Brix, Burroughs wrote, “was lean and muscular, articulate and dignified. He moved with the superb athletic grace that my grandfather envisioned, and he played the role to perfection.”
Because of MGM’s politicking, The New Adventures of Tarzan languished. Ultimately, the film was serialized and re-titled Tarzan and the Green Goddess. It remained in continuous release until it was sold to television in the early 1960s.
Paid $75 per week for the movie, Brix never made another Tarzan film, and had a difficult time getting work from his primary employer at the time, Warner Bros. Brix, in fact, was set to test for a Warner Bros. picture, but it was canceled after the casting director saw a photograph of Brix as Tarzan in Life magazine.
“He said they couldn’t use me,” Brix told Chapman. “I asked why, and he said the audience would see me as Tarzan and wouldn’t accept me as an actor.”
Still, Brix rarely lacked for work.
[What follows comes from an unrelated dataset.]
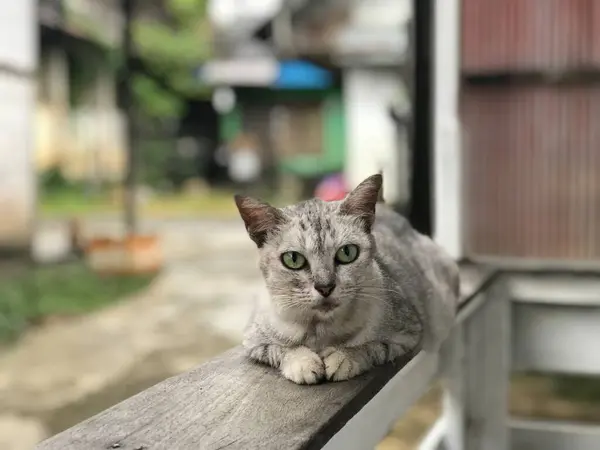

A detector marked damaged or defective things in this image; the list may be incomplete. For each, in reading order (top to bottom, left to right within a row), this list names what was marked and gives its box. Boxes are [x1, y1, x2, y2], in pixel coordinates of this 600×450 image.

After The New Adventures of Tarzan, Brix appeared along side Bela Lugosi in Shadow of Chinatown (1936), Fighting Devil Dogs (1938) and in three dozen other nondescript films, mostly in bit parts, and sometimes in two-reeler comedies, such as The Three Stooges.
Brix consistently failed to land meaty roles because he was too identified as “Herman Brix, former Tarzan and all-around action star.” So after appearing in the Republic Pictures serial Hawk of the Wilderness (1938) as the Tarzan-like character Kioga, Brix dropped out of films for a couple of years, took acting lessons, and re-emerged to earn contracts with Columbia Pictures and Warner Bros. under the stage name Bruce Bennett.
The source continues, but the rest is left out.